▸ **ACTION ITEM**
Give all of the records again precisely, excluding whatever pictures they contain.

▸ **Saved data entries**
>>>>
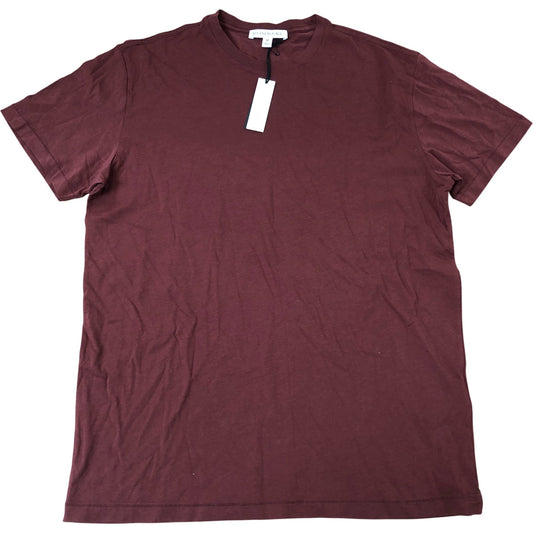 Banana Republic Slim Fit T-Shirt M Men's Crew Neck Short Sleeve Burgundy Cotton
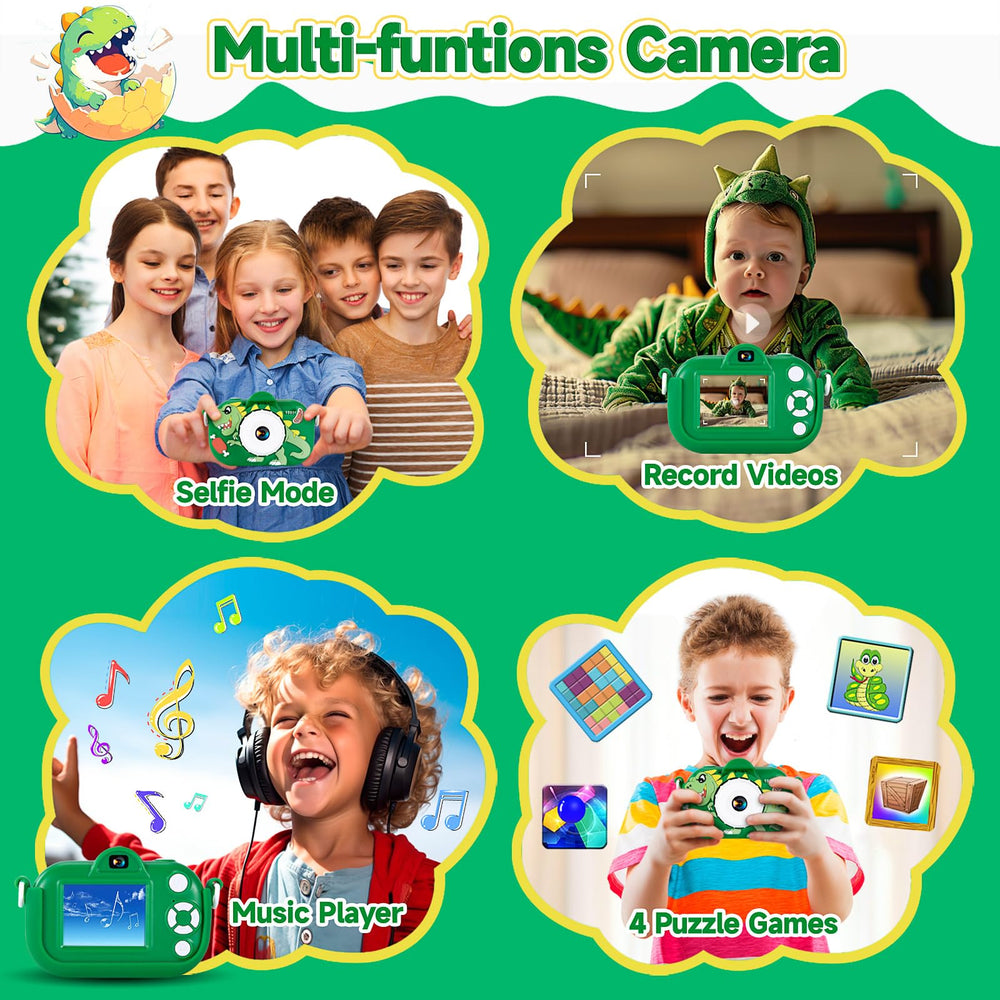 MAVOKIS kids camera in-use shot, designed for durable everyday adventures.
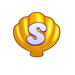 shark and spark hold and win scatter symbol icon
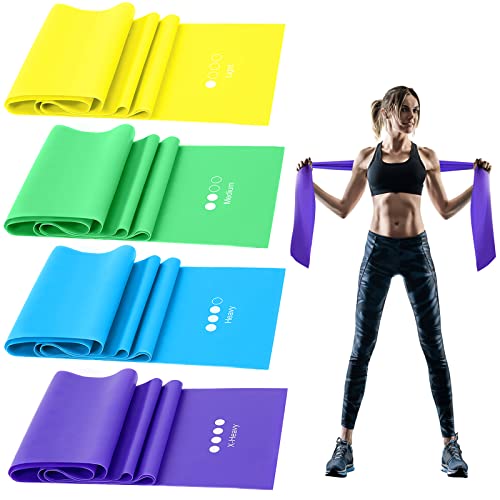 Fitnessbänder Set, GIEMIT Sport Band Fitness Trainingsband Latexfrei für Yoga, Pilates, Krafttraining, Physiotherapie von GIEMIT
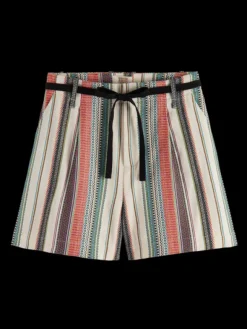 High Rise Crafted Stripe Short
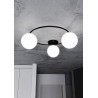 Lampa sufitowa  SOPRA 3 BL OPAL 1257/3 EMIBIG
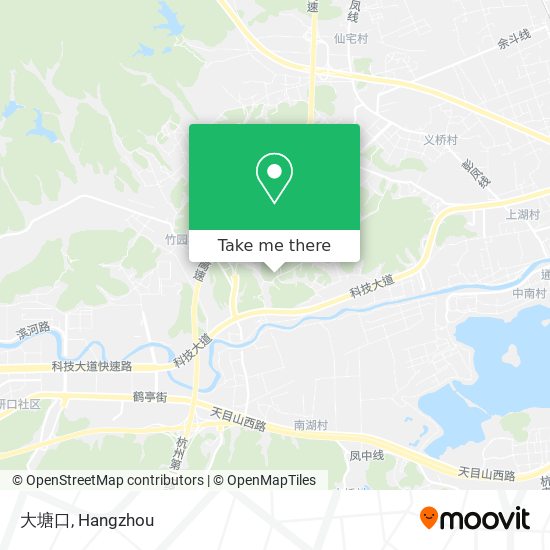 大塘口 map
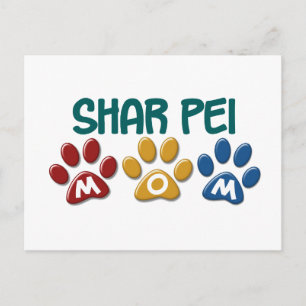 Cartão Postal SHAR PEI Mãozinha Impressão 1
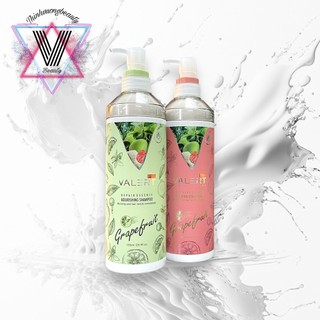 Cặp Dầu gội xả Bưởi Grapefruit Valert phục hồi và mọc tóc 850ml
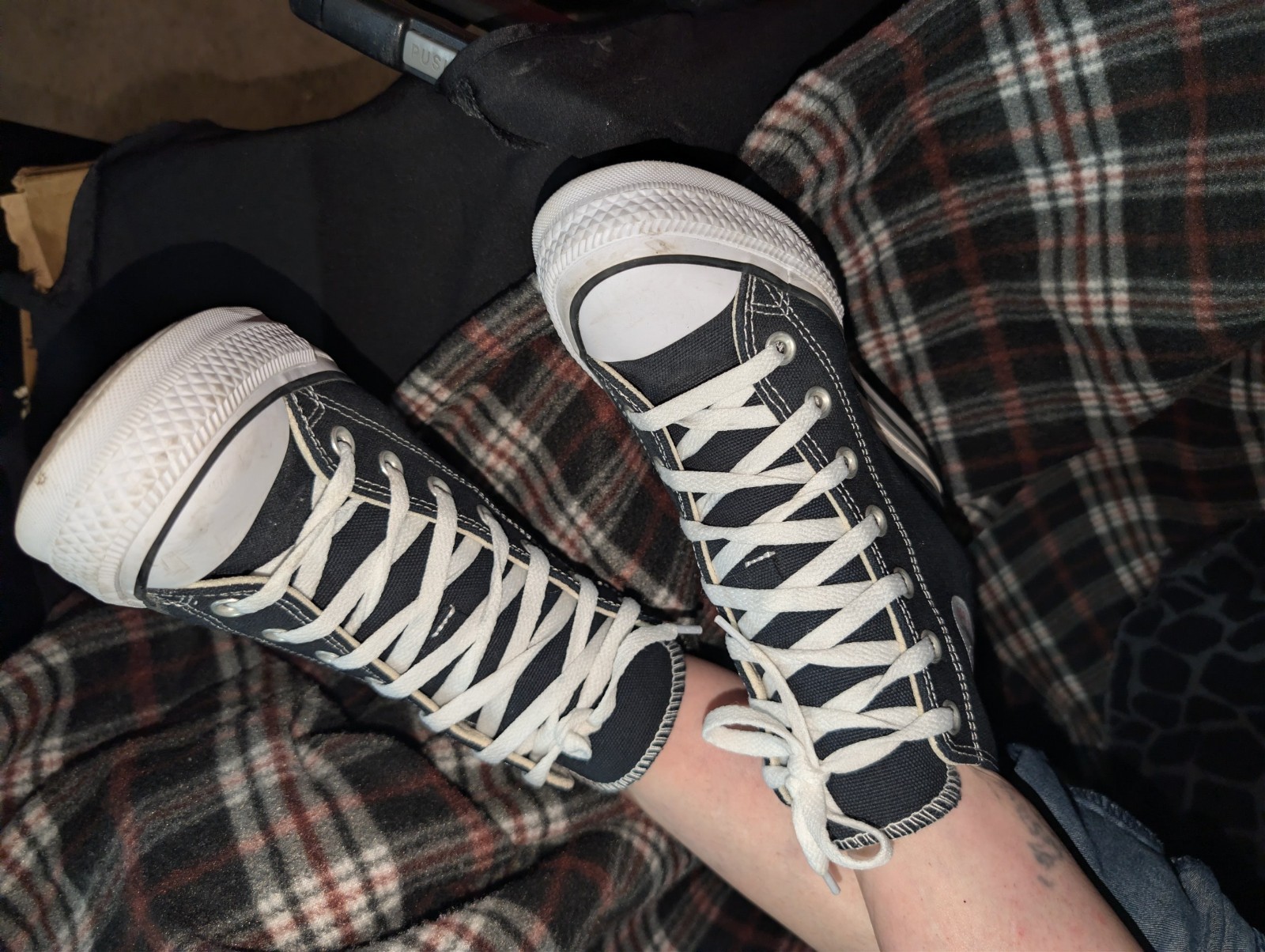 size Converse Chuck Taylor All Star Wedge Platform High Top Canvas Black A11909C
<<<<
▸ **EXERCISE OUTPUT**
 Banana Republic Slim Fit T-Shirt M Men's Crew Neck Short Sleeve Burgundy Cotton
 MAVOKIS kids camera in-use shot, designed for durable everyday adventures.
 shark and spark hold and win scatter symbol icon
 Fitnessbänder Set, GIEMIT Sport Band Fitness Trainingsband Latexfrei für Yoga, Pilates, Krafttraining, Physiotherapie von GIEMIT
 High Rise Crafted Stripe Short
 Lampa sufitowa  SOPRA 3 BL OPAL 1257/3 EMIBIG
 大塘口 map
 Cartão Postal SHAR PEI Mãozinha Impressão 1
 Cặp Dầu gội xả Bưởi Grapefruit Valert phục hồi và mọc tóc 850ml
 size Converse Chuck Taylor All Star Wedge Platform High Top Canvas Black A11909C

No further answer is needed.